Belle, quelle est votre pensée ?

Que vous semble de moi ? Point ne me le célez,

Car, me donnerait-on l'or de dix cités,

Je ne vous prendrais point, si ce n'est votre gré.

Catherine entendit Arnaud, que les soins devaient faire souffrir jurer entre ses dents, puis grogner :

— Tu chantes faux !...

Le chevalier rouquin se retourna pour répliquer quelque chose.

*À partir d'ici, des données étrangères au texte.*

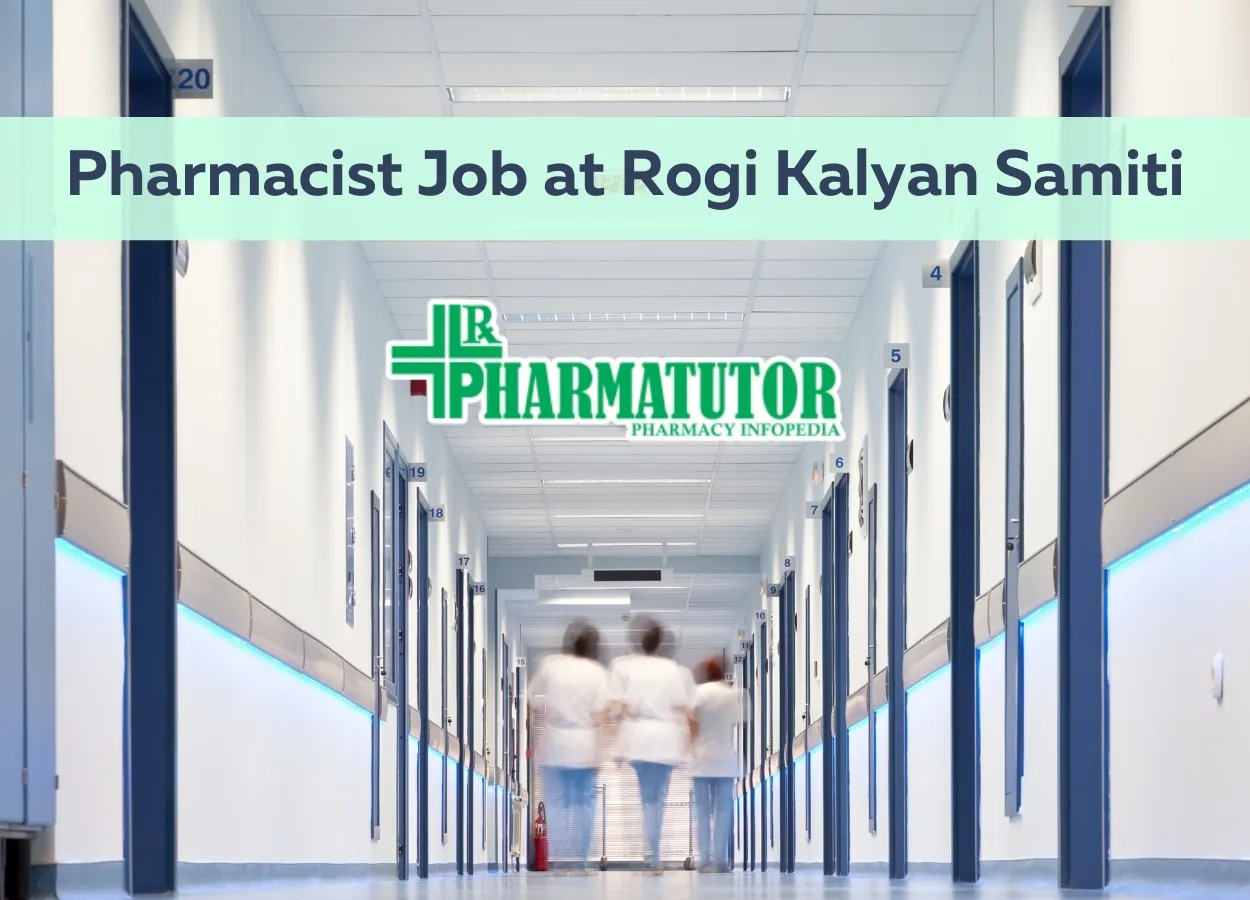 Job for Pharmacist at Rogi Kalyan Samiti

Ce faisant, il vit Catherine et les paroles de la chanson se changèrent entre ses dents en un léger sifflement admiratif. Il repoussa son écuyer d'une bourrade, s'approcha avec un large sourire.

Belle dame, fit-il en saluant aussi gracieusement que le permettait sa carcasse de fer, une aussi char mante visite à l'instant du combat est pour un chevalier digne de ce nom le plus précieux réconfort. Je ne pensais pas que mes mérites eussent déjà fait assez de bruit pour que la plus belle des femmes vînt à moi dès avant la fin des joutes. Me ferez-vous la grâce de m'apprendre qui vous êtes ?

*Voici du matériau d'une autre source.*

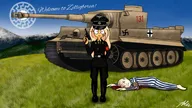 black_sun blood coco dead drawing field german_uniform germany jew luger nazi nazi_cap nazi_outfit pistol ss ss_bolts sunwheel tank text unknown_artist // 1376x774 // 942KB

Catherine lui sourit gentiment mais se hâta de le détromper :

— Pardonnez-moi, messire. Ce n'est point vous que je viens voir céans, c'est lui, acheva-t-elle en désignant Arnaud qui, au son de sa voix, avait bondi entre les mains de son écuyer et, assis maintenant, la regardait avec un mélange d'étonnement et de fureur.

— Encore vous ! s'écria-t-il peu galamment. Vous seriez-vous donné à tâche d'accourir à mon chevet chaque fois que je reçois un horion ? En ce cas, ma chère, vous aurez fort à faire...

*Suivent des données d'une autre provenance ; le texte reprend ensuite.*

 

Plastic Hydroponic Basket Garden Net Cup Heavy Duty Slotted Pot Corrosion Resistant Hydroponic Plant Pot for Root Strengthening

La voix était dure, le ton ironique, mais Catherine s'était juré de ne pas se mettre en colère. Elle lui sourit avec une tendresse inconsciente.

— Je vous ai vu perdre connaissance, messire. J'ai craint que votre blessure à la tête ne se fût rouverte. Vous perdiez beaucoup de sang tout à l'heure.

— Je vous ai déjà priée de ne pas vous soucier de moi, Madame, fit Arnaud hargneux. Vous avez un mari, à ce que l'on m'a dit et, si vous avez de la compassion à dépenser, allez plutôt la porter à votre amant. Le duc Philippe en a le plus grand besoin !

Xaintrailles, dont les vifs petits yeux marron allaient de l'un à l'autre, entra dans la conversation :

— Cet ours auvergnat n'est pas digne de votre sollicitude, Madame. Vous devriez la reverser sur quelqu'un d'infiniment plus digne. Sur mon honneur j'ai grande envie de laisser Rebecque me faire quelques bosses si je peux espérer recevoir ensuite les soins d'aussi douces mains.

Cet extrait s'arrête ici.